Kompetisi ISPO merupakan rangkaian Festival Sains dan Budaya 2019 yang akan diselenggarakan pada Jumat (22/2/2019) hingga Minggu (24/2/2019). Selain ISPO, secara simultan juga akan diselenggarakan pula Olimpiade Seni dan Bahasa Indonesia (Osebi).
ADVERTISEMENT
SCROLL TO RESUME CONTENT
KOMPAS/DEONISIA ARLINTA–Nurhidayatil Wafizah (17), siswi dari SMAN 1 Kuantan Singingi, Riau, mengamati hewan anggang-anggang yang telah diawetkan sebagai bahan untuk menentukan ekosistem Sungai Tungtung Gunung, Purbalingga, Jawa Tengah, Selasa (10/7/2018).
Riri mengatakan, pemerintah perlu bekerja keras melahirkan lebih banyak peneliti muda agar mampu bersaing pada era Revolusi Industri 4.0. Generasi milenial yang selama ini dicap sebagai generasi instan perlu dikenalkan sedini mungkin dengan disiplin dunia penelitian.
”Secara tidak langsung, siswa juga bisa belajar banyak hal soal keterampilan hidup,” kata Riri. Kepercayaan diri mengungkapkan ide dan kemampuan meyakinkan orang lain merupakan beberapa dari sekian banyak nilai lain yang bisa diperoleh melalui kegiatan penelitian ilmiah.
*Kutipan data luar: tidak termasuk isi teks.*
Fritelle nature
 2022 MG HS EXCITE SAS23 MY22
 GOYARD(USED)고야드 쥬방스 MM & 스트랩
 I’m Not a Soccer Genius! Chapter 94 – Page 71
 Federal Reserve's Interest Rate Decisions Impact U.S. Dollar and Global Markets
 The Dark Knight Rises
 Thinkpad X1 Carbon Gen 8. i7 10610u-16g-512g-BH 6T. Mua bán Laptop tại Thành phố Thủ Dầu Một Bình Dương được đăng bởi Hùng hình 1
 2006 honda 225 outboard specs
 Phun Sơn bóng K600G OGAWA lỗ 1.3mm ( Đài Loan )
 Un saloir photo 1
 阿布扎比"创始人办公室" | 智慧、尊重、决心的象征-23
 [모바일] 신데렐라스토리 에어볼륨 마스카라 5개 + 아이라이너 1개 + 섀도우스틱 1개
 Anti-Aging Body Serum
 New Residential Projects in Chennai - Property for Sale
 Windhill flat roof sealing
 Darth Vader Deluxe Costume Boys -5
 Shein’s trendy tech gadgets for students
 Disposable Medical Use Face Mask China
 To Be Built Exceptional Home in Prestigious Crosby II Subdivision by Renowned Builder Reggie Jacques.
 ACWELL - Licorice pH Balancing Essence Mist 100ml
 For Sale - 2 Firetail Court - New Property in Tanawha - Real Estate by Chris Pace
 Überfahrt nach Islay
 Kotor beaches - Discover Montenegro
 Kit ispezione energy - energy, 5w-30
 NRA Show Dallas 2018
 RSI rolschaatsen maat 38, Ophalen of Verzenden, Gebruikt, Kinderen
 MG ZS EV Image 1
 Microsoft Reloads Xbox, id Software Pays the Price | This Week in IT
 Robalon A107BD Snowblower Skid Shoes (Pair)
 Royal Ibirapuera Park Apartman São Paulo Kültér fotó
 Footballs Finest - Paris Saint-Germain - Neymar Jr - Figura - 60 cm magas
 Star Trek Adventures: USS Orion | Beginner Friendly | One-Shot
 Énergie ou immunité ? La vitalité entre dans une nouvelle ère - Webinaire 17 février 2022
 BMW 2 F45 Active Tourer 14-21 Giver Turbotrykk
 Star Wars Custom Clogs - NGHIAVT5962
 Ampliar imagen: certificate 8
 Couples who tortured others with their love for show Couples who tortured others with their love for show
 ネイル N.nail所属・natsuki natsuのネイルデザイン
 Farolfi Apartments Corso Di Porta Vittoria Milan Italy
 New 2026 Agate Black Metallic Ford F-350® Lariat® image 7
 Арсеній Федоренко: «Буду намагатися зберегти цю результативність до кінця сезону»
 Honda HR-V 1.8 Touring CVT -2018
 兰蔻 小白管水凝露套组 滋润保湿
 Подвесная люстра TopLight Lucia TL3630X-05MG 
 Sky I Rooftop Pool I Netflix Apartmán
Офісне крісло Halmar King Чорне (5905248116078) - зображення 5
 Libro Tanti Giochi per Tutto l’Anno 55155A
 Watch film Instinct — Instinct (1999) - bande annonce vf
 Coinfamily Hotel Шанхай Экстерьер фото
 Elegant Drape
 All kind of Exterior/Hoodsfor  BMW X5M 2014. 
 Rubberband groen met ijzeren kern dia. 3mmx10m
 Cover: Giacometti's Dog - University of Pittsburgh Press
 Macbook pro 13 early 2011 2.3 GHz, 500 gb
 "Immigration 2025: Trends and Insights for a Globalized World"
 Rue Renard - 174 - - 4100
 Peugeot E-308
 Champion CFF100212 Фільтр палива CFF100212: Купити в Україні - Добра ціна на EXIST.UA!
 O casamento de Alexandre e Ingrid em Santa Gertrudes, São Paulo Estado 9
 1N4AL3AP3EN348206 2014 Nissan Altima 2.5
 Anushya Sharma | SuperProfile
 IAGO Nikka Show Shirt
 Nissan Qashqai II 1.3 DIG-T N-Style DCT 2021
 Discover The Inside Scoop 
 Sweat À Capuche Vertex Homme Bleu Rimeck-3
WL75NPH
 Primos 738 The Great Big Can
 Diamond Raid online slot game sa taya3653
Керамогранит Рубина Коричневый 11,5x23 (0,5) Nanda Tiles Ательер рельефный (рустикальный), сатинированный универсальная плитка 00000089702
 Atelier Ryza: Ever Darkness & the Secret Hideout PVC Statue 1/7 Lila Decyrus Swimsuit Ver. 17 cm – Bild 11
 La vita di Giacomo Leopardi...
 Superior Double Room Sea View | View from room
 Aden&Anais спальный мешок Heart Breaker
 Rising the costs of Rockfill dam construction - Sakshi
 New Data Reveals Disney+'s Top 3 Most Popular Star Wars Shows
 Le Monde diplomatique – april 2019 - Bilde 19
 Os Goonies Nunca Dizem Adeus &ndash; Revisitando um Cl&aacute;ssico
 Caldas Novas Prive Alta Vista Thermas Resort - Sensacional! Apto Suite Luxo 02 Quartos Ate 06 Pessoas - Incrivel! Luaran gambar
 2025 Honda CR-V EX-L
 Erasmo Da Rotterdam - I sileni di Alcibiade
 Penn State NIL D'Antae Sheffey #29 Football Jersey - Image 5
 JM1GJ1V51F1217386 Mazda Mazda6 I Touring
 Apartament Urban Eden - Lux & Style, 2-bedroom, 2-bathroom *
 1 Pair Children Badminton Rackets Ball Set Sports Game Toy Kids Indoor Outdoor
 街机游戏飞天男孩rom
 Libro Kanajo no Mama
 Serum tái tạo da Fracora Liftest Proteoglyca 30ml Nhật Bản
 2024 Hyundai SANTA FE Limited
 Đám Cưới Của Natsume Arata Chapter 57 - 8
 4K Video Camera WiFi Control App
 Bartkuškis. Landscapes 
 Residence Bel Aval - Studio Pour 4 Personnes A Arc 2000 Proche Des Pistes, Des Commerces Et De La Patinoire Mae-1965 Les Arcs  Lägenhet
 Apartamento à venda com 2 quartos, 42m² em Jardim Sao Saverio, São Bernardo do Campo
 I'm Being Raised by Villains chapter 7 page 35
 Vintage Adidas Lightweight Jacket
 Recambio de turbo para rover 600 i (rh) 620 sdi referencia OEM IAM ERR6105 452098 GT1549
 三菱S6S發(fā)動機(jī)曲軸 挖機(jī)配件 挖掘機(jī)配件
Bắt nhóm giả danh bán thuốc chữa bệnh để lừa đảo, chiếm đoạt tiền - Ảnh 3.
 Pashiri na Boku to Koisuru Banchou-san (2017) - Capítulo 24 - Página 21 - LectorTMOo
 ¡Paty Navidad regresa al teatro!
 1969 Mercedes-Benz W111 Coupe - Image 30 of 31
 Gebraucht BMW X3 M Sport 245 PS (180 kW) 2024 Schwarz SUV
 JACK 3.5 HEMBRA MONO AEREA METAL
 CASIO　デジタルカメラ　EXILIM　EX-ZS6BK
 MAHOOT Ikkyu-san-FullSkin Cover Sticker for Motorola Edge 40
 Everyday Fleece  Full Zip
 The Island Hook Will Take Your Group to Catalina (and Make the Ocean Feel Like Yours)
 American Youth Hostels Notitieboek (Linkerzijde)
Tujuan penyelenggaraan kompetisi ISPO dan Osebi adalah memberi kesempatan yang sama kepada siswa dengan bakat yang berbeda. Ilmu pasti dan ilmu sosial budaya kini dirasa sama pentingnya dalam rangka membuat siswa menjadi pribadi yang inovatif dan kreatif.
Memahami keberagaman
Ketua Dewan Juri Osebi Liliana Muliastuti mengatakan, tahapan penelitian ilmiah ilmu budaya akan menuntun siswa memahami keberagaman dengan pikiran terbuka. Kolaborasi dalam proses peneliti memaksa siswa keluar dari lingkungannya untuk bertemu dengan orang dan budaya lain.
”Nilai yang ingin ditanamkan lewat ajang ini adalah kecintaan terhadap bangsa. Siswa dari penjuru negeri bertemu, yang terutama bukan untuk berkompetisi, melainkan untuk berbagi pengetahuan dan pengalaman belajar,” kata Lili.
PANDU WIYOGA UNTUK KOMPAS–Ketua Dewan Juri Indonesian Science Project Olympiad (ISPO) Riri Fitri Sari (kedua dari kanan) dan Ketua Dewan Juri Olimpiade Seni dan Bahasa Indonesia (Osebi) Liliana Muliastuti (Kedua dari kiri) saat menghadiri konferensi pers di Jakarta, Selasa (19/2/2019).
Teknologi digital memungkinkan terwujudnya kolaborasi melalui sambungan komunikasi yang kini jauh lebih mudah. Menurut Riri, hal itu membuka peluang bagi para peneliti untuk berkolaborasi melahirkan suatu inovasi tanpa perlu repot berkumpul di satu lokasi.
Ia menjelaskan, mayoritas inovasi teknologi di dunia digital merupakan kolaborasi lintas disiplin ilmu. Pembuatan suatu aplikasi ponsel pintar, misalnya, ahli komputer harus bekerja sama dengan pakar bahasa dan seni untuk membuatnya agar mudah digunakan.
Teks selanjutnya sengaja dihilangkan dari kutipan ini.